DIRECTIONS FOR THIS TASK: Leave every image out, and print the remaining lines below exactly.

RAW DATA:
:::

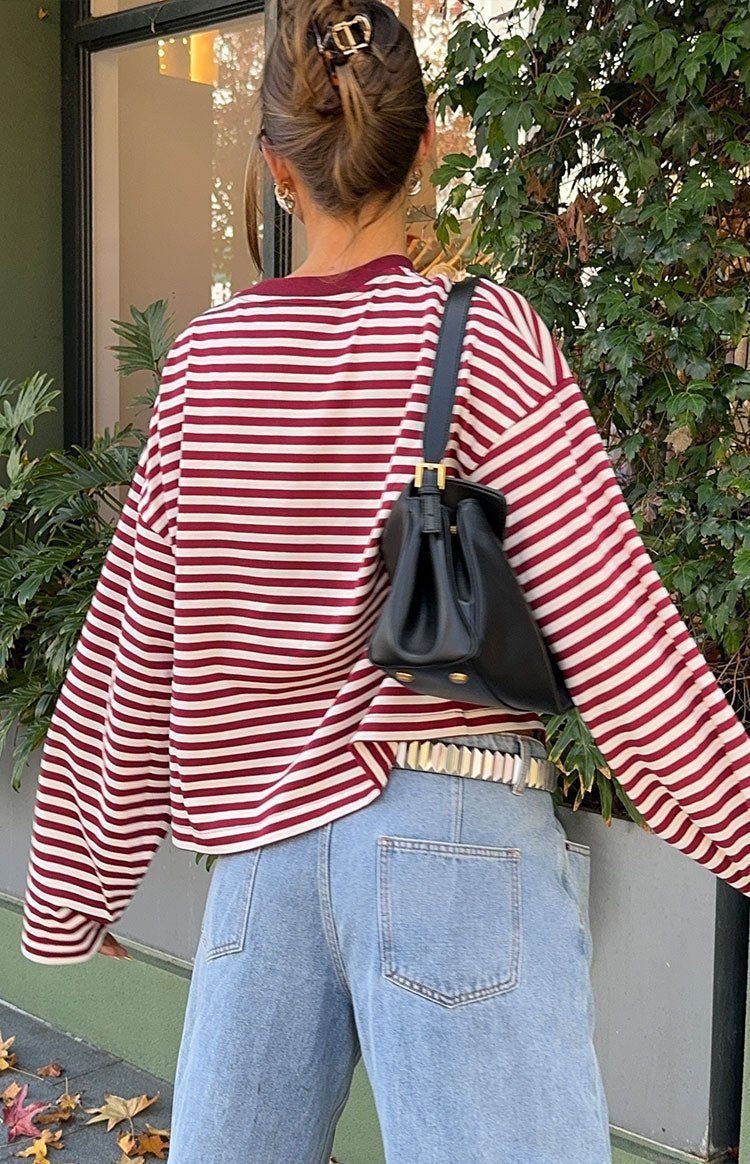 SOKYND Melissa Striped Oversized Knit Sweater SweaterSOKYND-358871-BUR-XS-45143BurgundyXS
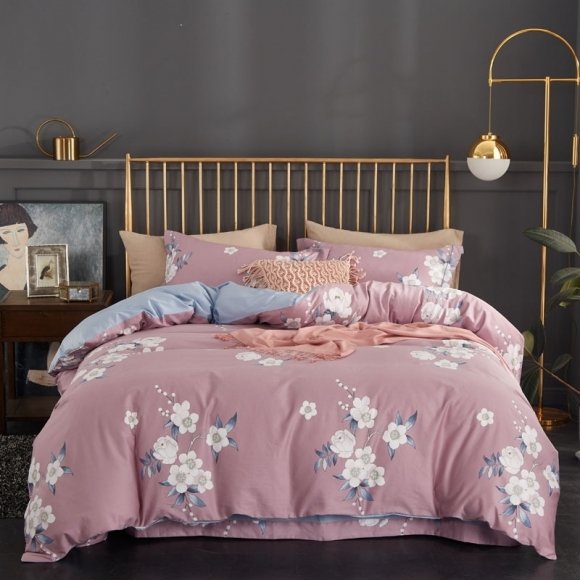 Puce Gray and White Rustic Chic Luxurious Full, Queen Size Bedding Sets
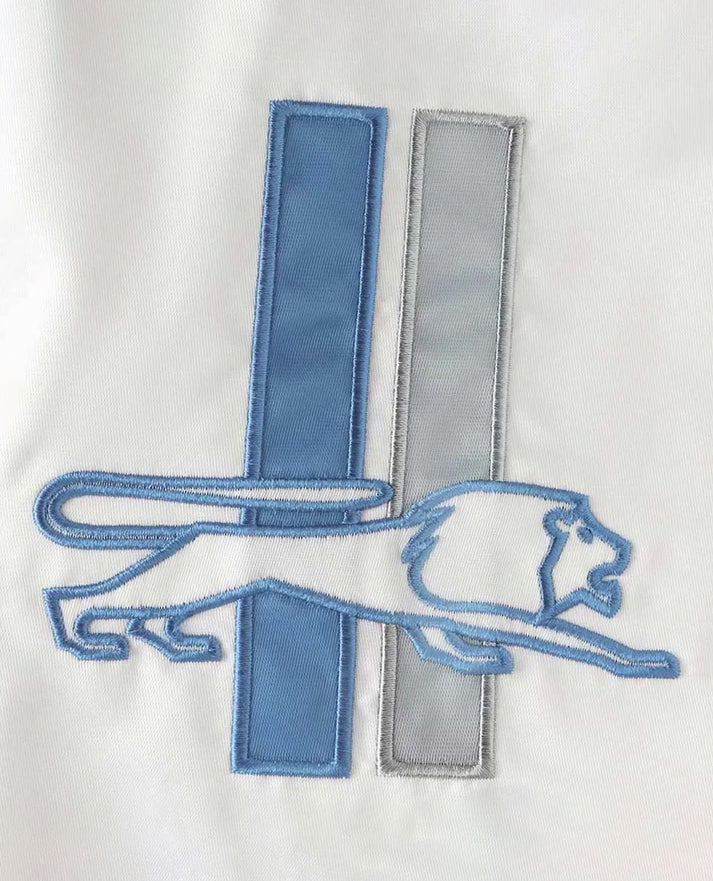White Detroit Lions Throwback D-Line Satin Jacket
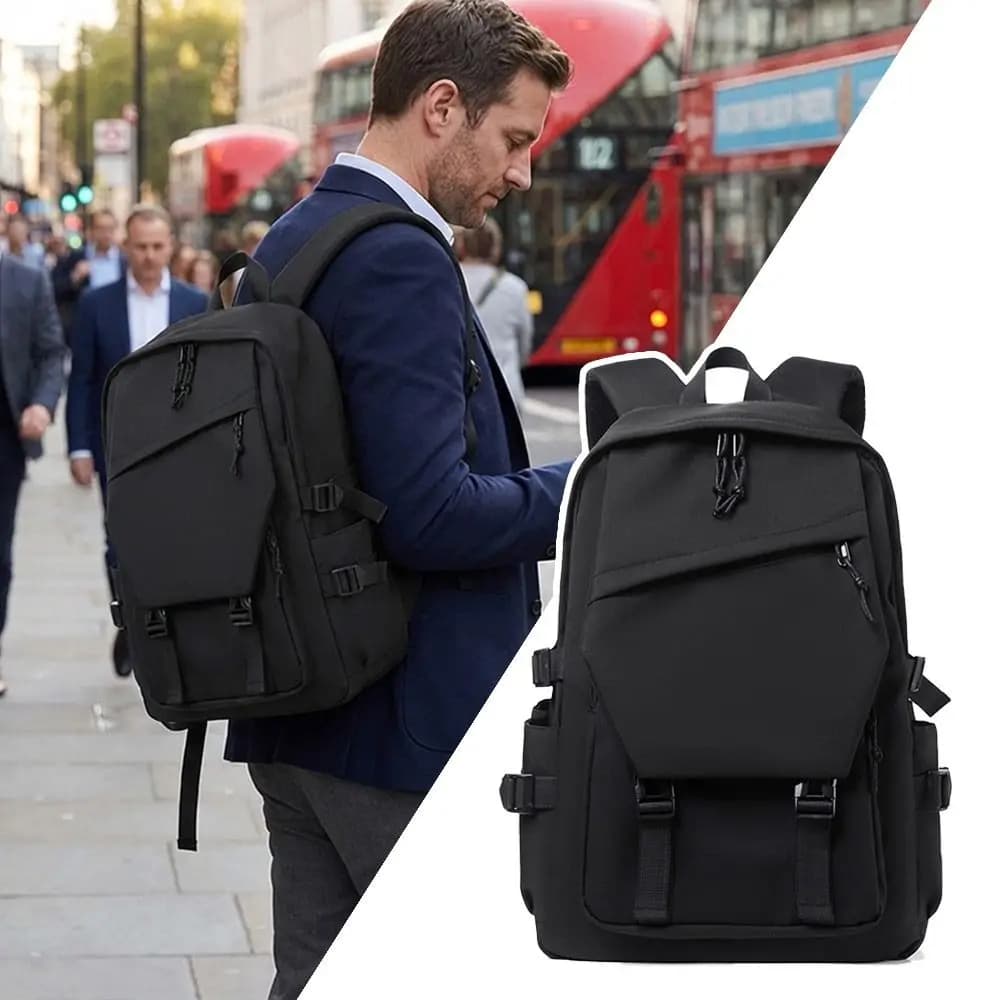 New Business Men's Backpack Black Large Capacity Travel Backpack Lightweight Waterproof Laptop Backpack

:::

SOLUTION BELOW:
 SOKYND Melissa Striped Oversized Knit Sweater SweaterSOKYND-358871-BUR-XS-45143BurgundyXS
 Puce Gray and White Rustic Chic Luxurious Full, Queen Size Bedding Sets
White Detroit Lions Throwback D-Line Satin Jacket
 New Business Men's Backpack Black Large Capacity Travel Backpack Lightweight Waterproof Laptop Backpack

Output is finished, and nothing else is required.